Las cuatro reglas del cómo
- Literal, sin metáforas. Nada de "la abejita y la florecita" ni "te estás haciendo señorita". Di: "te va a salir vello en las axilas. Es normal". Lo figurado confunde; lo directo tranquiliza.
- Frases hechas, siempre las mismas. Elige tus frases y repítelas idénticas: "es normal, es parte de crecer". "Eso es privado, se hace en tu cuarto o en el baño con la puerta cerrada". "Si algo te confunde, me cuentas y yo te explico". La repetición exacta construye seguridad.

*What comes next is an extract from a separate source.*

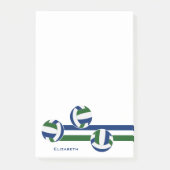 Blauw groen team kleuren volleyballen strepen post-it® notes (Voorkant)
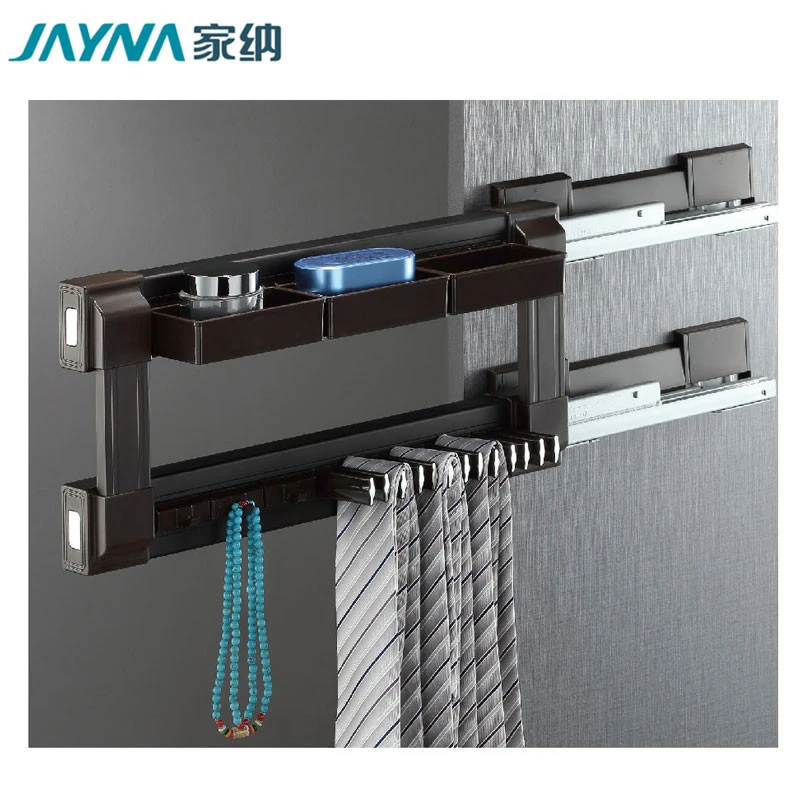 Wardrobe Side Mounted Pull Out Tie Rack and Hanger With Damping Slide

- En cachitos y de lado. Mejor diez pláticas de dos minutos que una de una hora. Los mejores momentos son sin mirarse de frente: en el coche, lavando trastes, caminando a la tiendita.
- Sin regaño y sin pena. Si pasa algo incómodo (se toca en la sala, hace una pregunta a gritos en el mercado), tu cara se queda neutra y solo repites la regla: "eso es privado, va en tu cuarto". El escándalo enseña vergüenza; la calma enseña la regla.
Historias sociales de privacidad
Escribe con él una historia corta en primera persona, con dibujos: "Mi cuerpo está cambiando. Es normal. Las cosas privadas las hago en mi cuarto o en el baño. Si tengo dudas, le pregunto a mamá". Léanla seguido, antes de que la necesite.